Были в конторе старые висячие стенные часы; давно уж не шли. Пришлось ему
одному войти в отпертую контору: польстился он на часы, унес и сбыл в
город. Как нарочно случилось, что тот лавочник, которому он часы сбыл,
приходился сватом одной дворовой и пришел на праздник в деревню и рассказал
про часы. Стали добираться, точно кому-нибудь это нужно было. Особенно
приказчик Поликея не любил. И нашли. Доложили барыне. Барыня призвала
Поликея. Он сразу упал в ноги и с чувством, трогательно, во всем признался,
как его научила жена. Он все исполнил очень хорошо. Стала его барыня
урезонивать, говорила-говорила, причитала-причитала, и о боге, и о
добродетели, и о будущей жизни, и о жене и детях, и довела его до слез.
Барыня сказала:
- Я тебя прощаю, только обещай ты мне никогда этого вперед не делать.
- Век не буду!
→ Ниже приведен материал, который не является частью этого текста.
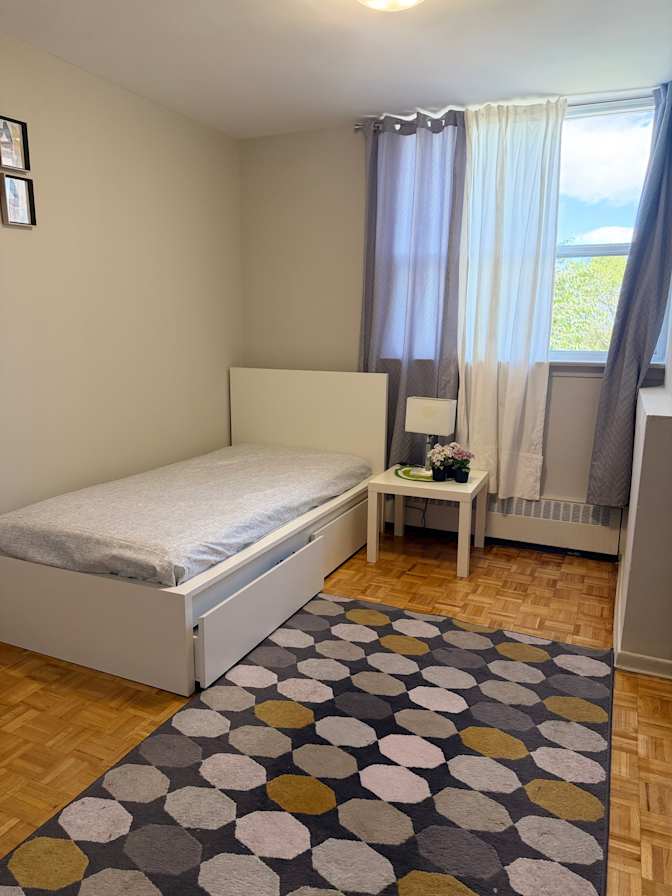 Shamsa's room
Провалиться мне, разорвись моя утроба! - говорил
Поликей и трогательно плакал.
Поликей пришел домой и дома, как теленок, ревел целый день и на печи
лежал. С тех пор ни разу ничего не было замечено за Поликеем. Только жизнь
его стала невеселая; народ на него как на вора смотрел, и, как пришло время
набора, все стали на него указывать.
Поликей был коновал, как уже сказано. Как он вдруг сделался коновалом,
это никому не было известно, и еще меньше ему самому. На конном заводе, при
конюшем, сосланном на поселенье, он не исполнял никакой другой должности,
кроме чистки навоза из денников, иногда чистки лошадей и возки воды. Там он
не мог выучиться. Потом он был ткачом; потом работал в саду, чистил
дорожки; потом за наказание бил кирпич; потом, ходя по оброку, нанимался в
дворники к купцу. Стало быть, и тут не было ему практики. Но в последнее
пребывание его дома как-то понемногу стала распространяться репутация его
необычайного, даже несколько сверхъестественного коновальского искусства.
Он пустил кровь раз, другой, потом повалил лошадь и поковырял ей что-то в
ляжке, потом потребовал, чтобы завели лошадь в станок, и стал ей резать
стрелку до крови, несмотря на то, что лошадь билась и даже визжала, и
сказал, что это значит "спущать подкопытную кровь". Потом он объяснял
мужику, что необходимо бросить кровь из обеих жил, "для большей легкости",
и стал бить колотушкой по тупому ланцету; потом под брюхом дворниковой
лошади передернул покромку от жениного головного платка. Наконец стал
присыпать купоросом всякие болячки, мочить из склянки и давать иногда
внутрь что вздумается. И чем больше он мучил и убивал лошадей, тем больше
ему верили и тем больше водили к нему лошадей.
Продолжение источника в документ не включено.